そして、大口を開けた奴の体内へ深々と剣を突き立てる。
一瞬の静寂。
直後、
「グボォッ……グボォ……」
血泡を噴き出した魔獣が轟音を立てて崩れ落ちた。
「……俺の勝ちだ」
「……や、やりやがった! 本当にやりやがった!! クイン! お前、本当にッ!!」
俺は軽く息を吐くと、はしゃぐジールたちの元へ歩き出す。
その時だった。
「あ、危ねぇ!! クイン!」
ジールの声でとっさに振り返ると、目の前にはなんとアイアンシルバーが両腕を振り上げた姿で屹立していた。
「なんだと!?」
完全に虚を突かれた。
油断した。
俺はいつの間にか死を覚悟していた。
だが、その刹那。
「……やれやれ、ようやく私の出番か」
黒い影が視界に飛び出す。
「ヘル!?」
「殺すなという忠告をやっと守れたようだな」
皮肉っぽく笑う彼女の右手が黒い光を纏い出す。
「……世界の理に従い我は執行す。灰は灰に、塵は塵に、魂は魂に! 輪環せよッ! ソウルリンカネーション!」
詠唱と共にヘルの右手には巨大な漆黒の鎌が現れた。そして、それをアイアンシルバーに向かい真っ直ぐ降り下ろした。その瞬間、辺り一面が目を覆う程の強い光に包まれる。何が起きたのか確かめようと辛うじて目を開けると、そこには背中を向けたヘルが黒いシルエットとなり中空に鎮座していた。両手を広げて光を浴びる彼女の姿は神々しく、どんな名画も色褪せる程だった。やがて光は薄れ、いつの間にか彼女の手にあった巨大な鎌も消え去っていた。代わりにその手には、抱える程大きなクリスタルのように澄んだ結晶があった。
「おい、それってまさか……」
「ソウルの結晶だ。お前が奴を瀕死にまで追い込んだことで、砕けることなくこうして刈り取ることが出来たのだ。ほれ、受け取れ」
「受け取れってこんなデカいのどうすりゃ……。うぉッ!」
おもむろに差し出した手に大きな結晶が置かれたと同時に、結晶はおびただしい光の粒となりいつかの時と同じ様に俺の体へと消えていった。
「うおおおぉぉッ!! 何だ! この溢れ出す力は!」
かつての俺には遠く及ばないが、それでも先程とは比べ物にならないくらいの力が込み上げてくる。

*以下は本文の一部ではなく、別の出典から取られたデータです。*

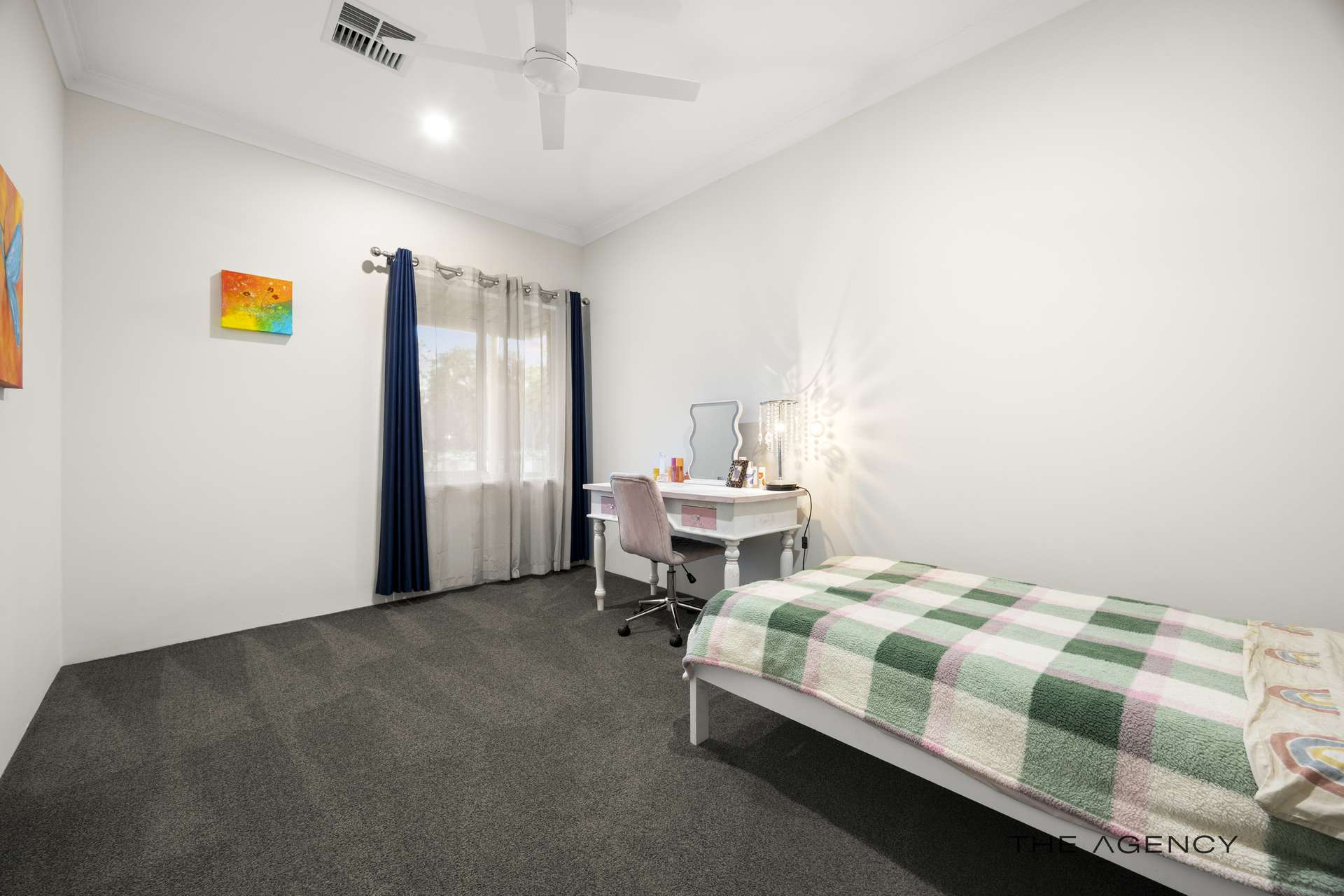 23 Robinson Road, Wandi For Sale by Farmbuy.com - image 21
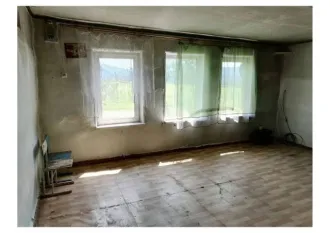Дом 35,7 кв.м. и участок 600 кв.м., Челябинская область. Жилой дом, площадь: 35,7 кв.м., кадастровый номер: 74:18:1006049:1119, и земельный участок, площадь: 600 кв.м., кадастровый номер: 74:18:1006049:1124. Категория земель: земли населенных пунктов, вид разрешенного использования: для ведения…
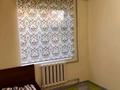 3-комнатная квартира · 70 м² · 2/5 этаж, 15-й микрорайон 3 — Шаяхметова угл Жандосова за 200 000 ₸ в Шымкенте, Аль-Фарабийский р-н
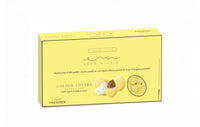 Maxtris - confetti enzo miccio limone | rohome - Rohome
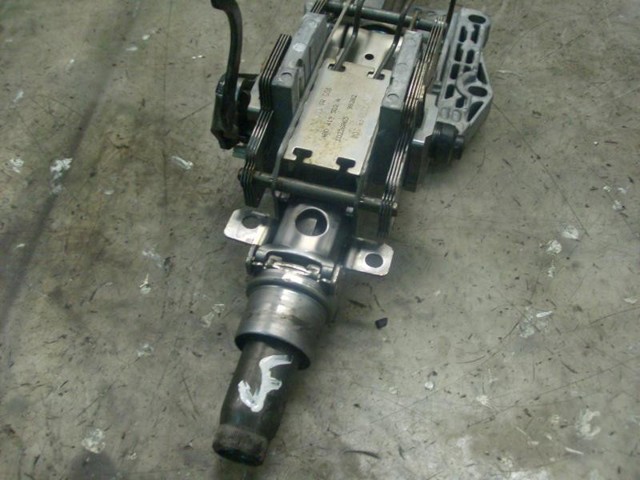  VAG 4B0971824P precio, desde  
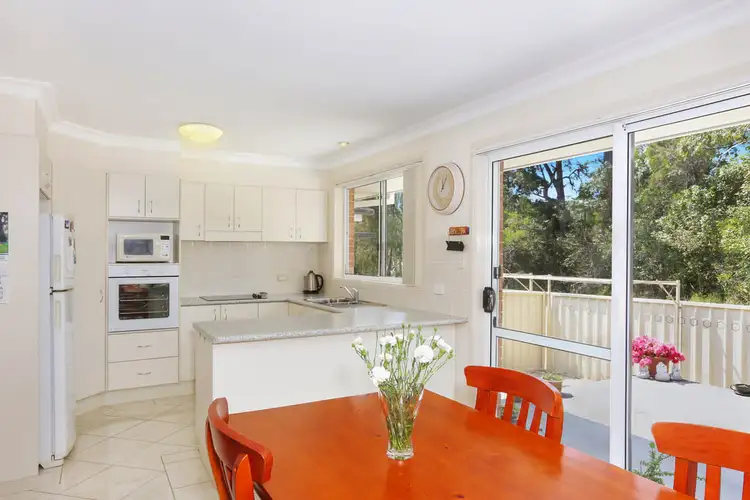 Third view of Homely house listing, 4/16 Cobblers Place, Wauchope NSW 2446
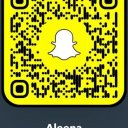 Mid-Cities Female Escorts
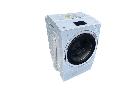 TOSHIBA 東芝電気洗濯乾燥機 左開き TW-127X9L 2021年製の詳細ページを開く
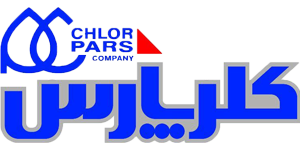 chlor-pars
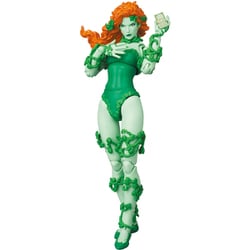 アメコミ・英語　ポイズン・アイビー　POISON IVY Amazon.com: Poison Ivy (2022-) #25 eBook : Wilson, G. Willow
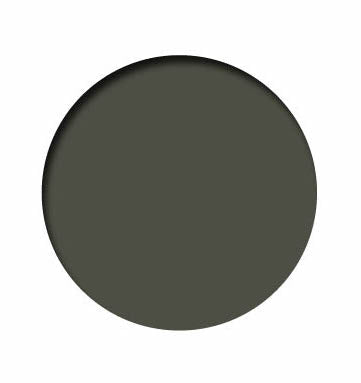 Vallejo 70.609 Russian Green 4BO Waterbased Surface Primer 17ml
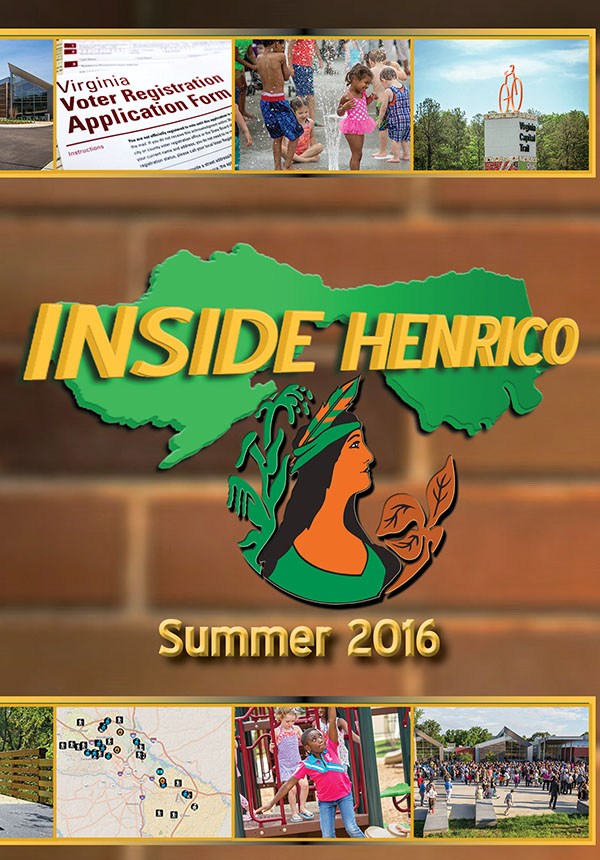 Inside-Henrico_Summer_2016_DVD_Cover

「さすが魔獣の魂だ。これほどまでに大きな結晶は中々……。うむ、もう聞いていないな」
「うおぉりゃああ! てぇぇえい! うらぁぁッ!!」
最前まで振るっていた剣が嘘のように軽く感じ、錆び付いた体は枷を外されたような開放感に満ち溢れていた。
「……ふぅ。それじゃあ、そろそろあいつを担いで町へ帰るか」
ひとしきり堪能した俺は剥製のように両腕を広げて立つアイアンシルバーを指差し、そう言った。